Source data:
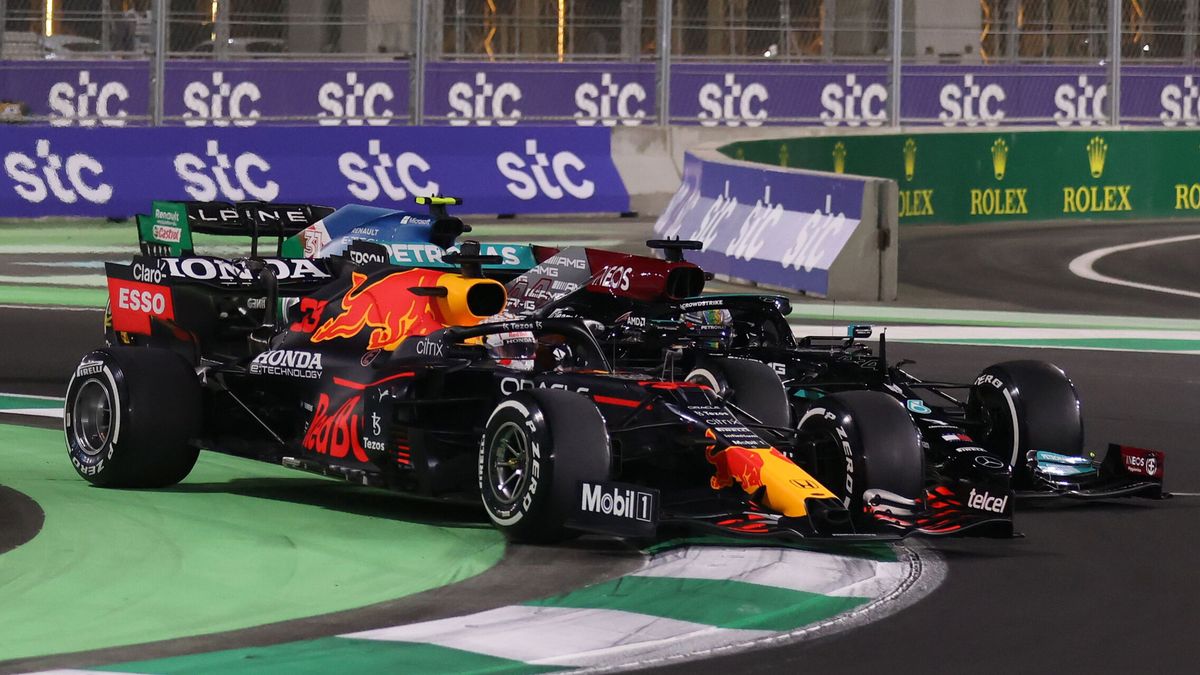 Hamilton sobrevive a la locura de Verstappen y el Mundial se decidirá en la última carrera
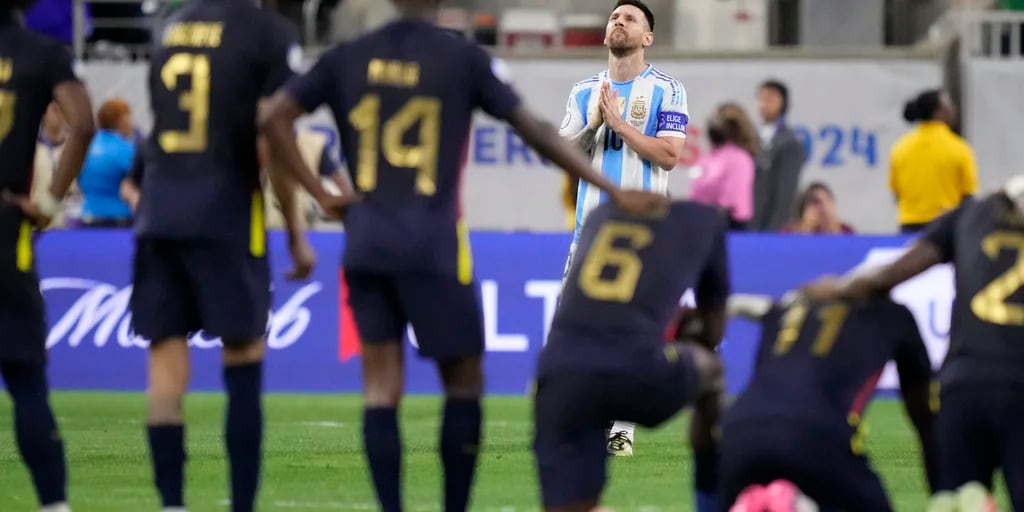 Messi habló tras la victoria ante Ecuador: su “miedo psicológico”, por qué picó el penal y la frase premonitoria de Dibu Martínez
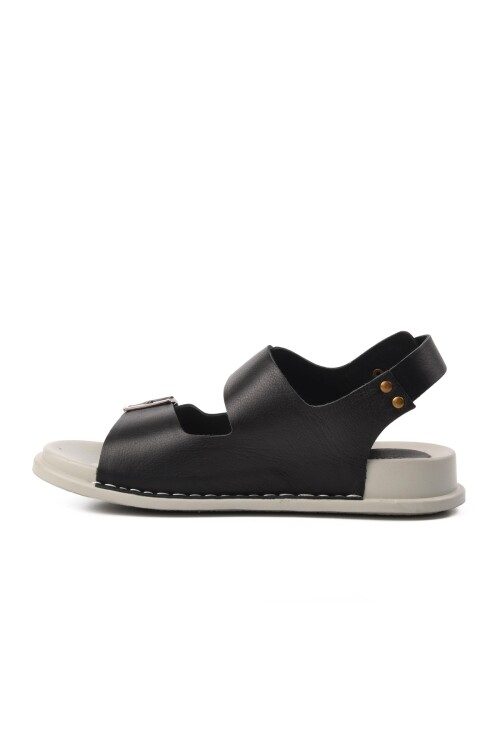 صندل نسائي من الجلد الطبيعي باللون الأسود 9166 Z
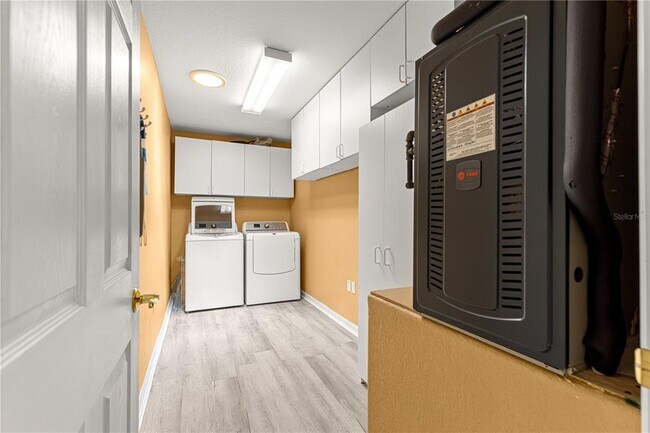 Building Photo - 9891 SE 138th Loop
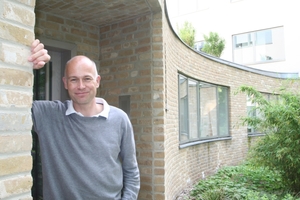  Thomas Wieckhorst, Chefredakteur der bauhandwerk, am neu erbauten Mehrfamilienhaus im Majakowskiring in Berlin (ab Seite 14)Foto: Matthias GorenflosKontakt: 05241/801040, thomas.wieckhorst@bauverlag.de 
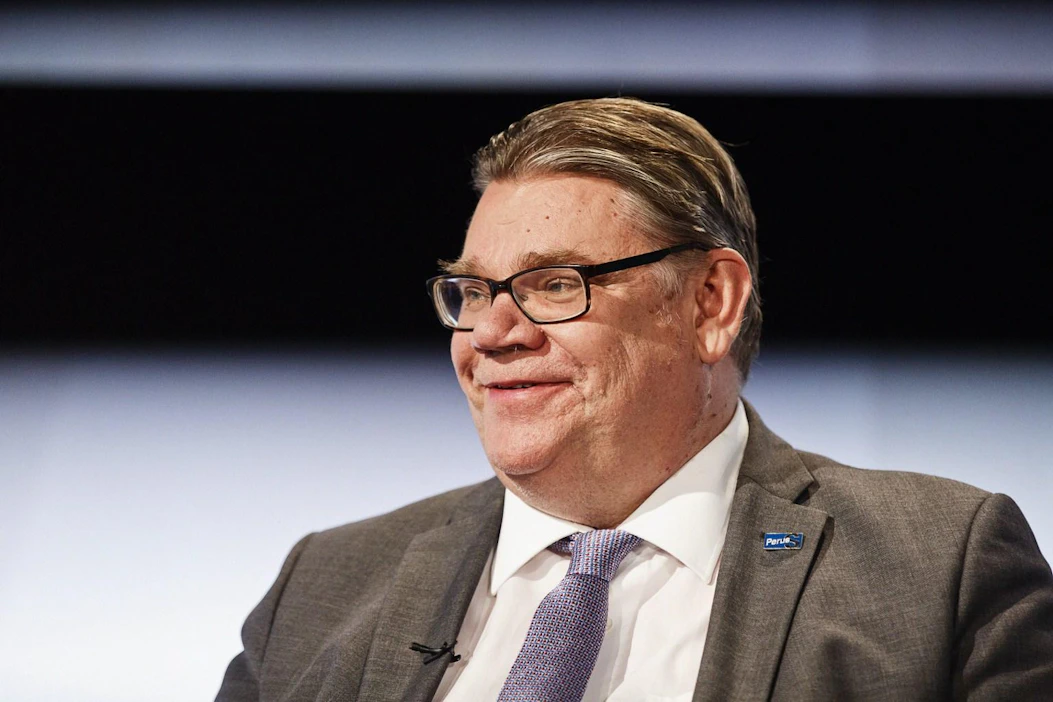Puheenjohtaja Timo Soini (ps.) on perussuomalaisvaikuttajien suosikki puolueen johtoon jatkossakin. LEHTIKUVA / Roni Rekomaa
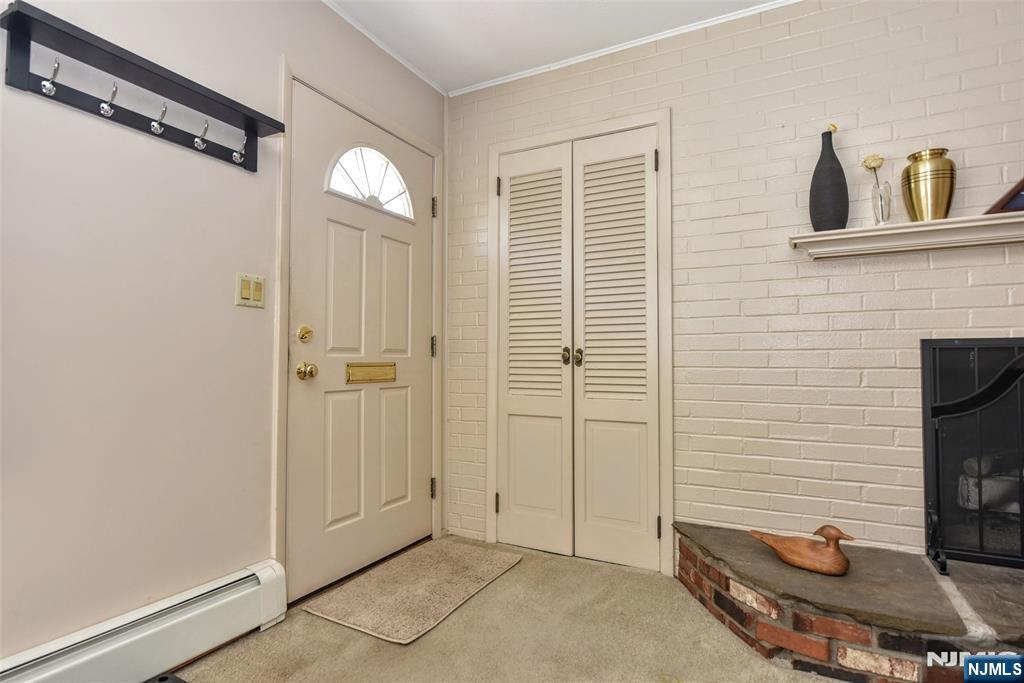 31 Susan Avenue - Photo 5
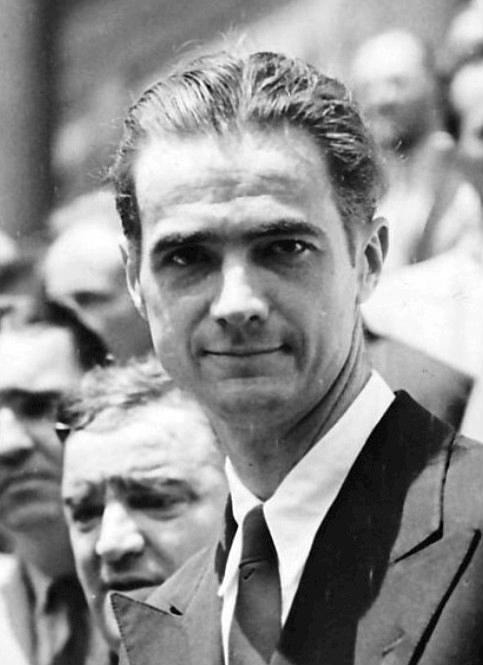 A black and white picture of Howard Hughes in 1938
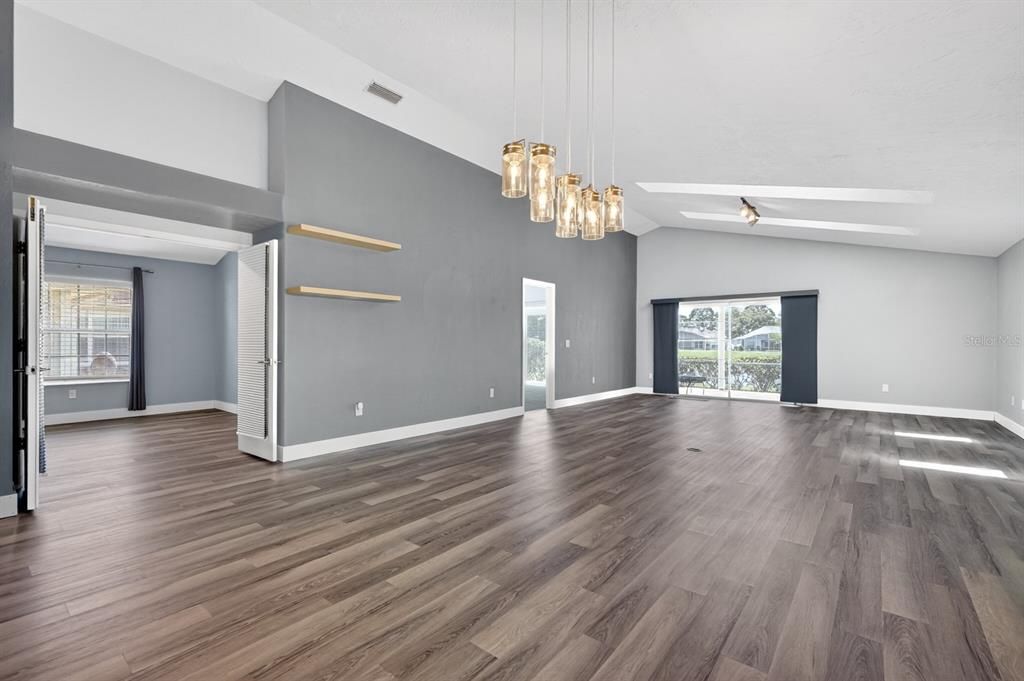 En Venta: $399,900 (3 camas, 2 baños, 1828 Pies cuadrados)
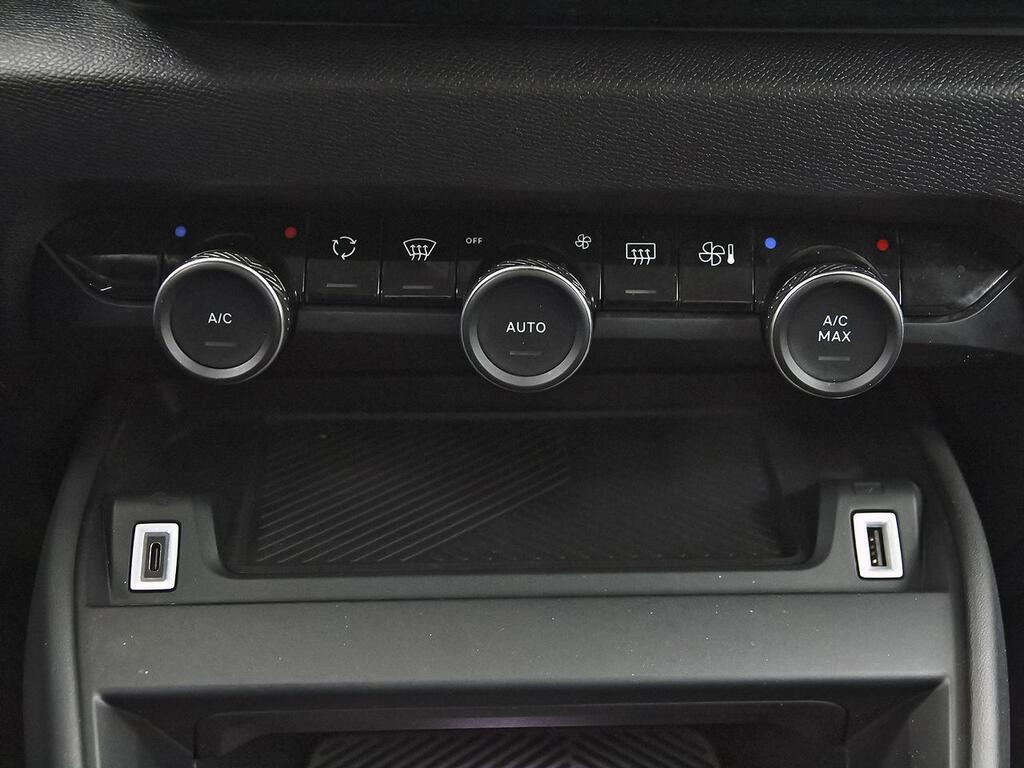 Citroën C4 BlueHDi 110 S&S 6v Feel 29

The task: Set down all the material exactly once more. No pictures.

Written solution:
 Hamilton sobrevive a la locura de Verstappen y el Mundial se decidirá en la última carrera
 Messi habló tras la victoria ante Ecuador: su “miedo psicológico”, por qué picó el penal y la frase premonitoria de Dibu Martínez
 صندل نسائي من الجلد الطبيعي باللون الأسود 9166 Z
 Building Photo - 9891 SE 138th Loop
  Thomas Wieckhorst, Chefredakteur der bauhandwerk, am neu erbauten Mehrfamilienhaus im Majakowskiring in Berlin (ab Seite 14)Foto: Matthias GorenflosKontakt: 05241/801040, thomas.wieckhorst@bauverlag.de 
Puheenjohtaja Timo Soini (ps.) on perussuomalaisvaikuttajien suosikki puolueen johtoon jatkossakin. LEHTIKUVA / Roni Rekomaa
 31 Susan Avenue - Photo 5
 A black and white picture of Howard Hughes in 1938
 En Venta: $399,900 (3 camas, 2 baños, 1828 Pies cuadrados)
 Citroën C4 BlueHDi 110 S&S 6v Feel 29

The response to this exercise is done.